The top three immediately pulled clear of Charles Leclerc’s Ferrari in fourth – the trio able to run in the high 1m41s while the rest were at least a second slower in the early tours of the 56-lap race.

Lewis Hamilton, Mercedes W12, Max Verstappen, Red Bull Racing RB16B

Lewis Hamilton, Mercedes W12, Max Verstappen, Red Bull Racing RB16B

Photo by: Glenn Dunbar / Motorsport Images

Hamilton and Verstappen also edged clear of Perez, with the leader holding a lead of just under a second throughout the opening 10 laps – during which Verstappen insisted to Red Bull that he had pace in hand and that Hamilton was “sliding a lot”.

Hamilton confirmed to Mercedes that his rival was indeed quicker, but, as the pair pulled further clear of Perez when the Mexican dropped back to the 1m42s, he continued to hold the advantage.

On lap 10 Verstappen told Red Bull he suddenly found himself sliding more and not going as fast as he had been before and at the end of the tour, he was brought in to switch the mediums all the leaders had started on for hards.

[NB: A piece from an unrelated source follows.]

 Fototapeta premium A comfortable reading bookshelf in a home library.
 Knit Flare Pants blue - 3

Verstappen carved his way by the yet-to-stop Daniel Ricciardo, running behind Leclerc, on his outlap, with Mercedes opting not to bring Hamilton in immediately to cover his rival.

With Verstappen lighting up the timing screens with a string of fastest laps, the Dutchman urged Red Bull to use Perez’s strategy aggressively with a second undercut to stop Mercedes leaving him out for a long first stint.

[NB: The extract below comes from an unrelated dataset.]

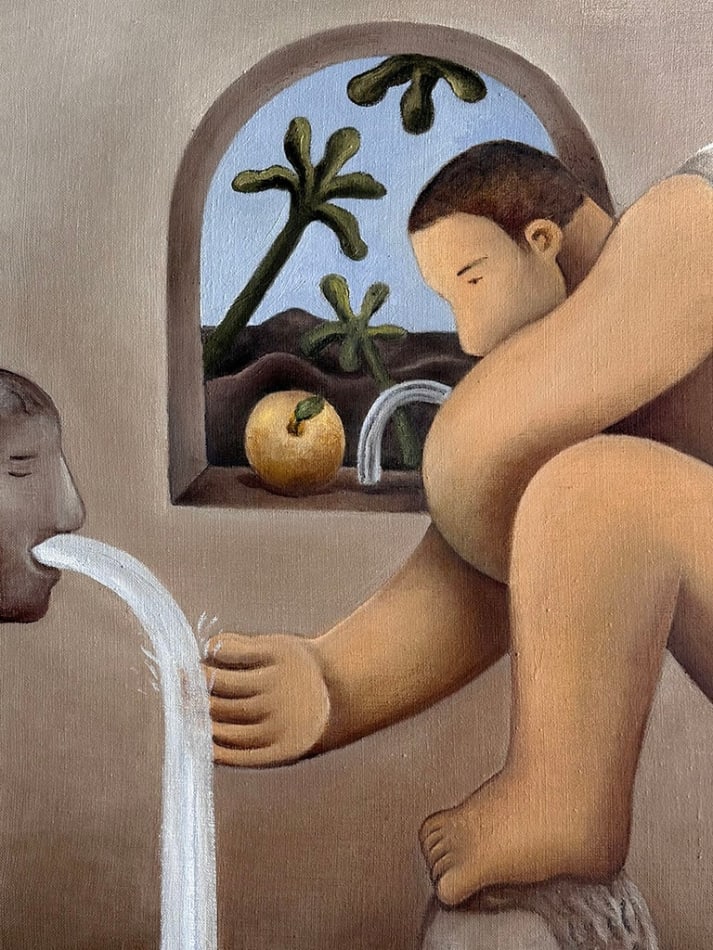 Painting of a nude male figure with his foot up and a stream of water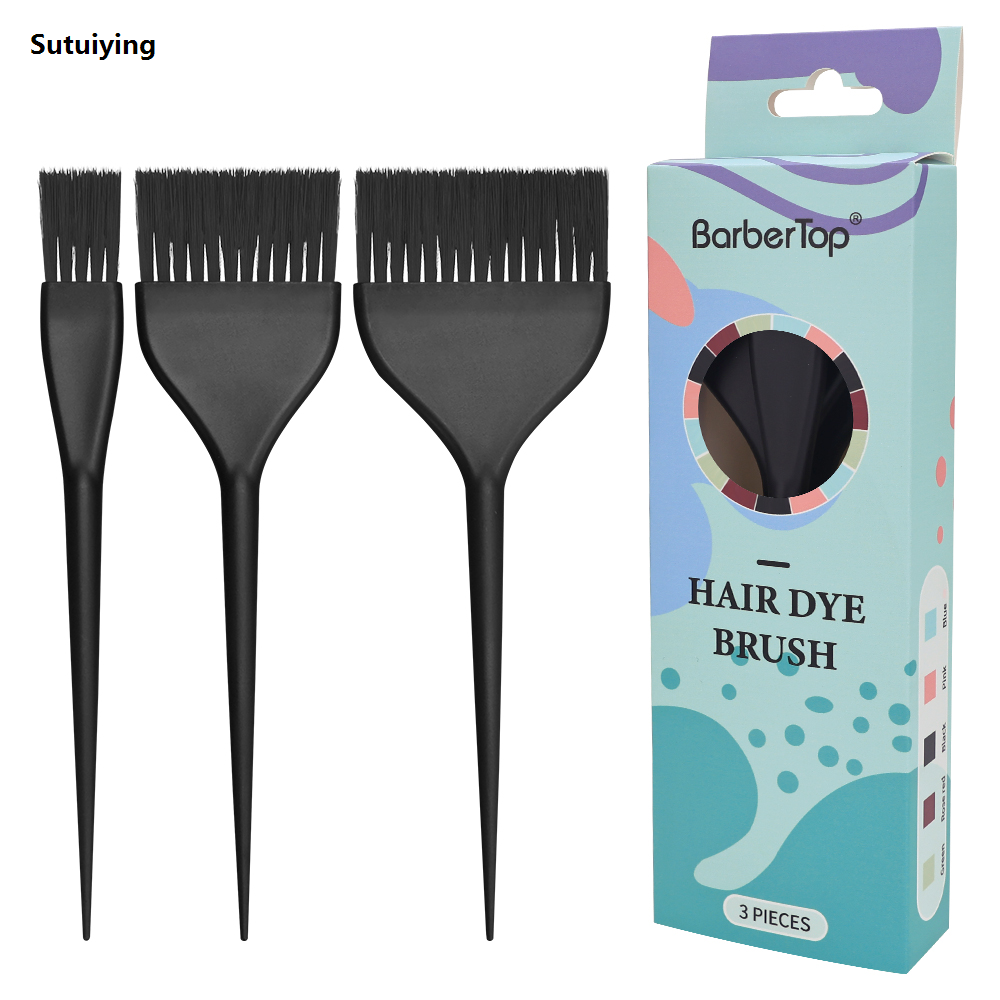 Sutuiying BARBERTOP Hair Color Brush Set 3PCS Hair Coloring Brush Hairdressing High Quality Tools Sharp Tail Comb Mixer Tint Application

When Red Bull did just that by pitting Perez for a second set of mediums at the end of lap 12, Hamilton was indeed called in at the end of the following tour, with Verstappen moving back into the lead easily when the Mercedes re-joined.

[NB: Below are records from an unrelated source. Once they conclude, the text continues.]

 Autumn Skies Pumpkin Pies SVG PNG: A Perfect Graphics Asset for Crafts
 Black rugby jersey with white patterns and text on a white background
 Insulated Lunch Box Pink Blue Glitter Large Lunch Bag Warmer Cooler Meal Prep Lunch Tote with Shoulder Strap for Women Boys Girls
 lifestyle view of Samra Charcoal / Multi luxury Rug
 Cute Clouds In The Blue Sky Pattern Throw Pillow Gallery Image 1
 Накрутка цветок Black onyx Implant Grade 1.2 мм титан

Verstappen therefore found himself with a six second lead that he maintained over the next phase of the race – the leaders now running in the high 1m40s – with Perez 10 seconds behind in third.

Just past the 20-lap mark, Hamilton began to turn the screw as he upped his pace to reach the low 1m40s, which quickly ate into Verstappen’s advantage.

Sergio Perez, Red Bull Racing RB16B

Sergio Perez, Red Bull Racing RB16B

Photo by: Glenn Dunbar / Motorsport Images

The Red Bull’s lead was soon under three seconds as Hamilton’s three-lap tyre life off-set advantage began to pay off, as Verstappen even slipped back to the 1m41s as he made his way through backmarker traffic.

But Verstappen was able to respond, gaining back a chunk just before the virtual safety car was briefly activated so a piece of debris could be retrieved by a marshal at the entry to Turn 16 – the multi-corner complex leading to the track’s final corners.

Red Bull then went aggressive again with Verstappen’s strategy, calling him in for a second set of hards at the end of lap 29, with Mercedes immediately telling Hamilton he would be running long in response – Perez now far from a threat behind.

Hamilton was left out for an extra eight laps after Verstappen came in for a second time, with Mercedes setting up a significant second tyre life advantage for the end of the race.

When Hamilton exited the pits at the start of lap 38, he had an 8.7s gap to close over 18 laps and during the early phase of that chase he made small gains on his rival, but then upped his pace to reach the 1m38s as Verstappen struggled to lap traffic, with the gap rapidly coming down to 4.8s at the end of lap 42.

Once the pair had both cleared the traffic, with Hamilton seemingly held up less, Verstappen’s lead continued to fall, albeit back to a steadier rate, with his team telling him to make sure he had enough tyre life left to defend against Hamilton coming into DRS zones late in the race.

At the lap 50 point, Verstappen’s lead was under two seconds for the first time, but Hamilton’s gains were getting smaller again as he arrived at the Red Bull’s wake.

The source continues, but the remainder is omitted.